## WHAT YOU WILL DO
For each line in the data that includes "Gift", make a copy.

####################

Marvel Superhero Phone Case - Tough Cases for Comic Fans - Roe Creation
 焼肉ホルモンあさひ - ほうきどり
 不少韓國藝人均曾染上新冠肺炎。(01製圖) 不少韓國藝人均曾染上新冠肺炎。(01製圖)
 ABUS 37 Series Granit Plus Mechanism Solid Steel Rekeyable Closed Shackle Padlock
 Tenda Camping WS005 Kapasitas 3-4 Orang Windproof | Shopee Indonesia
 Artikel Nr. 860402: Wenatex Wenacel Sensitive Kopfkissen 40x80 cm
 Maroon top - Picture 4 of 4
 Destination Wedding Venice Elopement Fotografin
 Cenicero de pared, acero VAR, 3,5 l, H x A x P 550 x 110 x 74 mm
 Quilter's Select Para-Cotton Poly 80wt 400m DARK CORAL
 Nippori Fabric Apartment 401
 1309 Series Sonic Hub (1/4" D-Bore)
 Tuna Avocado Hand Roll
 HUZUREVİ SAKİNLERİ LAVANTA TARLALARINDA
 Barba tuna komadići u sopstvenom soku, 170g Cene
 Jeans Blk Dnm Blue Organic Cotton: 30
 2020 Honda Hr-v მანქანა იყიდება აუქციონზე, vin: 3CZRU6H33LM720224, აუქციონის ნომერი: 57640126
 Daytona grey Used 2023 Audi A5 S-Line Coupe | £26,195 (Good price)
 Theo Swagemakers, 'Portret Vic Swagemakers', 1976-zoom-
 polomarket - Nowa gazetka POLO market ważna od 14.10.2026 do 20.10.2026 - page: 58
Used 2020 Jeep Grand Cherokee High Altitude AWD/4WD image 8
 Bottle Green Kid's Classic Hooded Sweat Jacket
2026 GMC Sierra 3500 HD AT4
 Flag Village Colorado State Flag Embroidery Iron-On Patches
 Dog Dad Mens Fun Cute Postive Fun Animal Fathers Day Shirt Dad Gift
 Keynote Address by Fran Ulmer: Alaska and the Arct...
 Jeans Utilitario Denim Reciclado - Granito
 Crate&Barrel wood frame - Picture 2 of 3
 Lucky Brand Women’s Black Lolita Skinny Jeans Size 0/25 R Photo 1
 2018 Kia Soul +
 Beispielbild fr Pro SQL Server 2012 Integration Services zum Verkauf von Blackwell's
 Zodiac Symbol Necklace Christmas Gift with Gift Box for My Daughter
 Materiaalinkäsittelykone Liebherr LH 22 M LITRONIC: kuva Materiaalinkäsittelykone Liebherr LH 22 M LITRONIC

####################

## OUTPUT FOR THIS TASK
 Dog Dad Mens Fun Cute Postive Fun Animal Fathers Day Shirt Dad Gift
 Zodiac Symbol Necklace Christmas Gift with Gift Box for My Daughter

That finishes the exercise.